Secondo quanto riferito dall’FSB, l’uomo era stato reclutato dai servizi di intelligence ucraini e stava recuperando componenti per costruire un ordigno esplosivo da un nascondiglio segreto. Il suo obiettivo – sostiene il rapporto – era colpire “il dormitorio in cui vivono cadetti militari”. Ragazzi. Studenti. Aspiranti ufficiali.
Il Comitato Investigativo della Federazione Russa ha formalmente avviato procedimenti penali nei confronti del militare, accusandolo di preparazione di atto terroristico (articolo 205 del Codice Penale della Federazione Russa) e detenzione illegale di esplosivi (articolo 222.1). Inoltre, l’uomo è stato definito “membro di un’organizzazione terroristica vietata in Russia”, ma il nome dell’organizzazione resta, al momento, non rivelato.
L’episodio, avvenuto in un momento di massimo allarme interno, rappresenta un duro colpo simbolico alla narrazione di forza e coesione propagata dal Cremlino. Il sospettato non è un civile radicalizzato, né un agente straniero infiltrato: è un soldato russo, addestrato, armato, presumibilmente fidato. Se confermata, la sua collaborazione con i servizi ucraini rappresenterebbe uno spartiacque nella percezione del conflitto: il fronte si è spostato dentro casa.

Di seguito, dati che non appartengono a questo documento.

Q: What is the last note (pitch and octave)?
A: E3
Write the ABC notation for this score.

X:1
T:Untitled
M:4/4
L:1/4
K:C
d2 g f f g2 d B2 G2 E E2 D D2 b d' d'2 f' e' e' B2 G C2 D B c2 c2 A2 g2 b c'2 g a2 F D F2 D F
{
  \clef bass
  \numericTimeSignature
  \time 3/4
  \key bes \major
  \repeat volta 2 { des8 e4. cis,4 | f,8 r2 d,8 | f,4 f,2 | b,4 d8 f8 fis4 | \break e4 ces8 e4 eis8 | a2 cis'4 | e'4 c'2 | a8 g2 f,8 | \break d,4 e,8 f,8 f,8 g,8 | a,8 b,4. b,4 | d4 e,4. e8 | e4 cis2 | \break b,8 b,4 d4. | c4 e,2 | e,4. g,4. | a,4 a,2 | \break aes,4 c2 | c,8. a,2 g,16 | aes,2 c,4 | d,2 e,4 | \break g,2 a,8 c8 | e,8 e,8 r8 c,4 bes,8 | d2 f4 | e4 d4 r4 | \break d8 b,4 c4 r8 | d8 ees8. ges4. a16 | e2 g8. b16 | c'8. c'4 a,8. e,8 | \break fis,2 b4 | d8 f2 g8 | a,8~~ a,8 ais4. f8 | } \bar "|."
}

La notizia è stata trattata con estrema attenzione dai media statali, che cercano di mantenere un equilibrio tra allarme e controllo. Ma il sentimento tra la popolazione, soprattutto tra i familiari dei militari, è di inquietudine. “Come possiamo dormire tranquilli se a tradirci è uno di noi?”, si legge in uno dei commenti sotto una notizia apparsa su Rossijskaja Gazeta.
L’arresto del soldato non può essere analizzato in isolamento. Arriva in un contesto segnato da crescenti episodi di sabotaggio, droni ucraini lanciati in profondità nel territorio russo, attentati alle infrastrutture e una crescente sfiducia tra le forze dell’ordine e i ranghi militari. La guerra ibrida è già realtà. Non si combatte solo sul campo, ma anche con la disinformazione, l’infiltrazione, la destabilizzazione interna.

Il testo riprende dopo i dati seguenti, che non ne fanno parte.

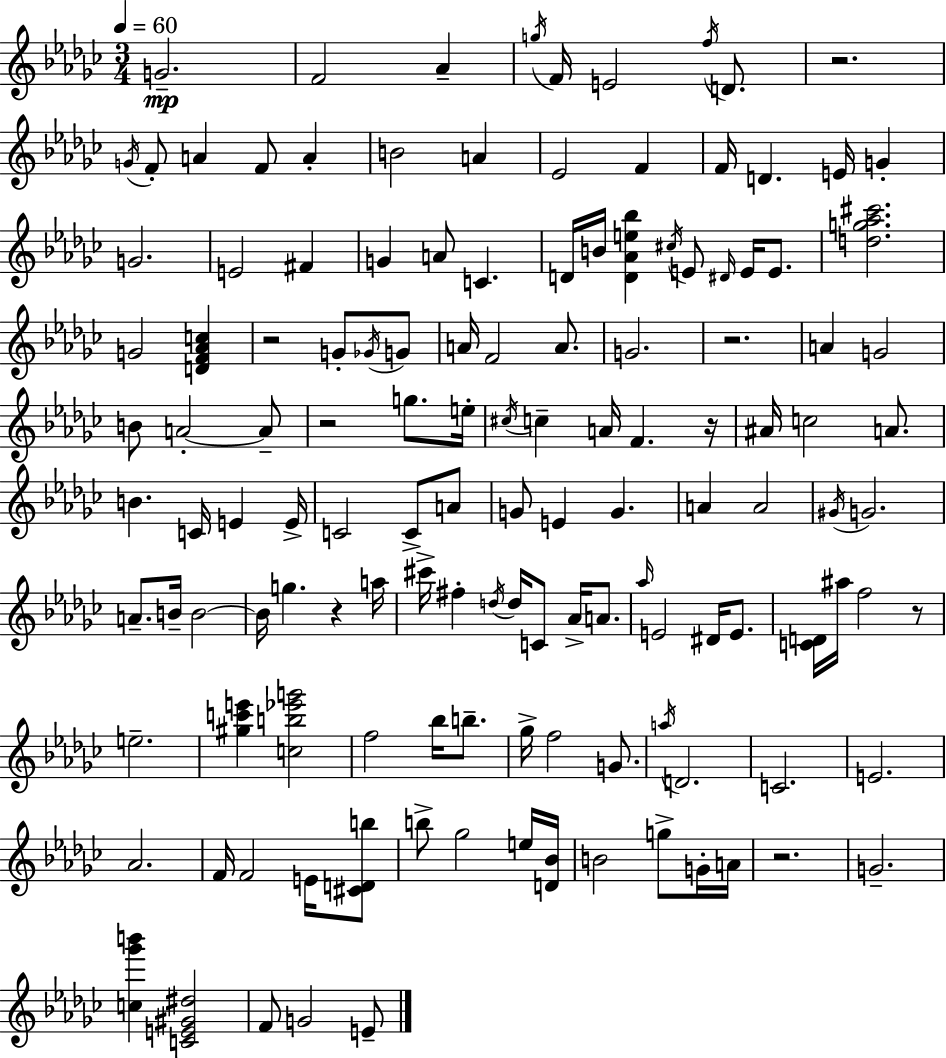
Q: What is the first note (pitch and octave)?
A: G4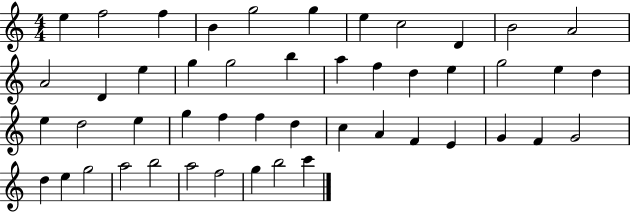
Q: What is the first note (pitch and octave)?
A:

Secondo alcuni analisti militari, il caso rientra in una nuova strategia ucraina, focalizzata sul logoramento psicologico e operativo della macchina statale russa. In un momento in cui l’Occidente valuta una riduzione del supporto diretto a Kiev, colpire il cuore della Russia – seppur simbolicamente – serve a mantenere alta l’attenzione internazionale sul conflitto.

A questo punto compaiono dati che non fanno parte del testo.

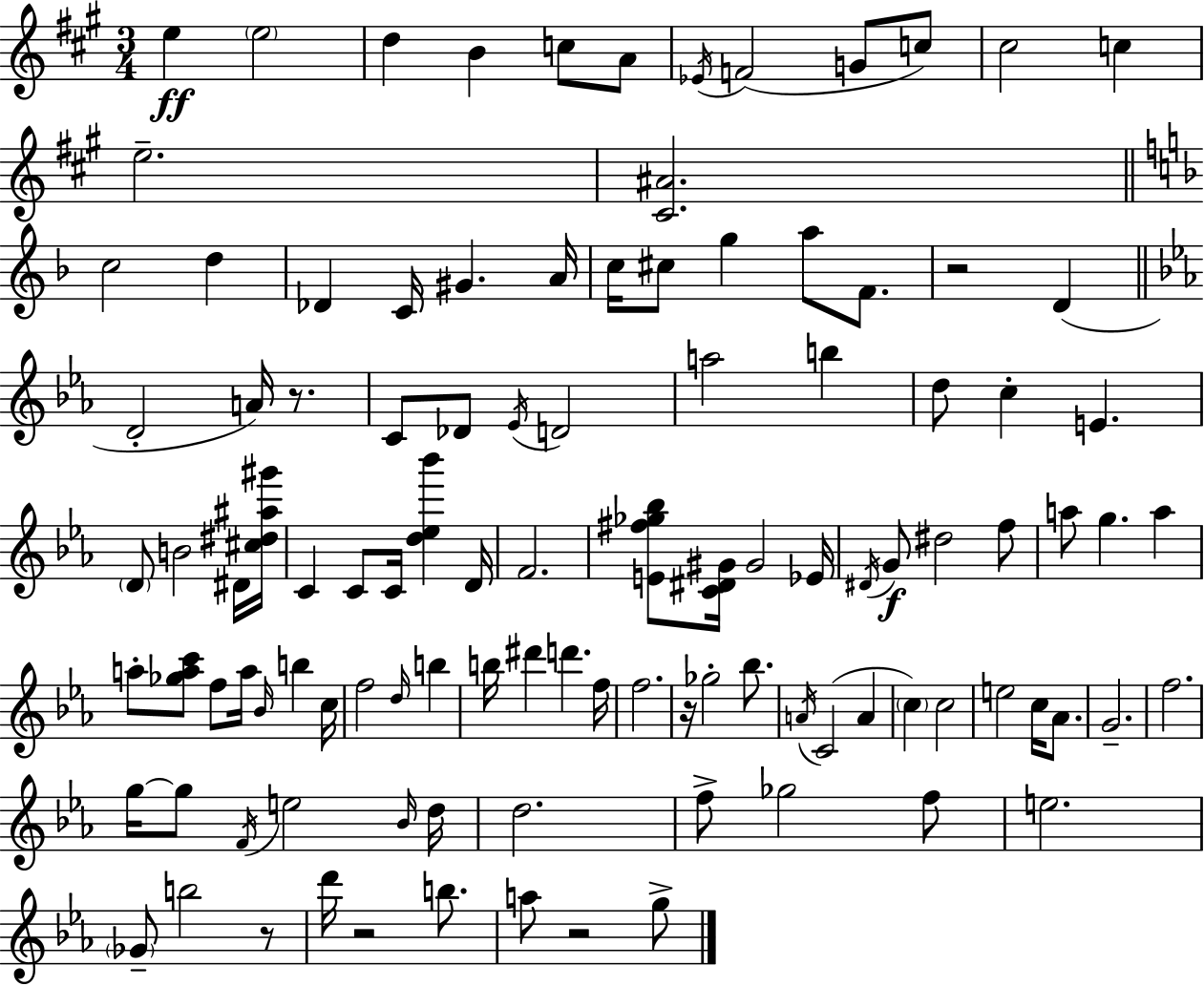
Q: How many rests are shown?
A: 6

La vicenda pone interrogativi profondi: Quanti altri “sabotatori silenziosi” potrebbero trovarsi all’interno delle forze armate russe? Come risponderà il Cremlino? Con una stretta autoritaria, con epurazioni interne? E soprattutto, quanto sarà ancora possibile distinguere il nemico, se indossa la stessa divisa?
La guerra, lo sappiamo, cambia le persone. Le spinge verso l’orlo. A volte, le spinge oltre. Ma quando a varcare il confine è chi ha giurato fedeltà alla bandiera, il trauma non riguarda solo la sicurezza. Riguarda l’identità di un’intera nazione.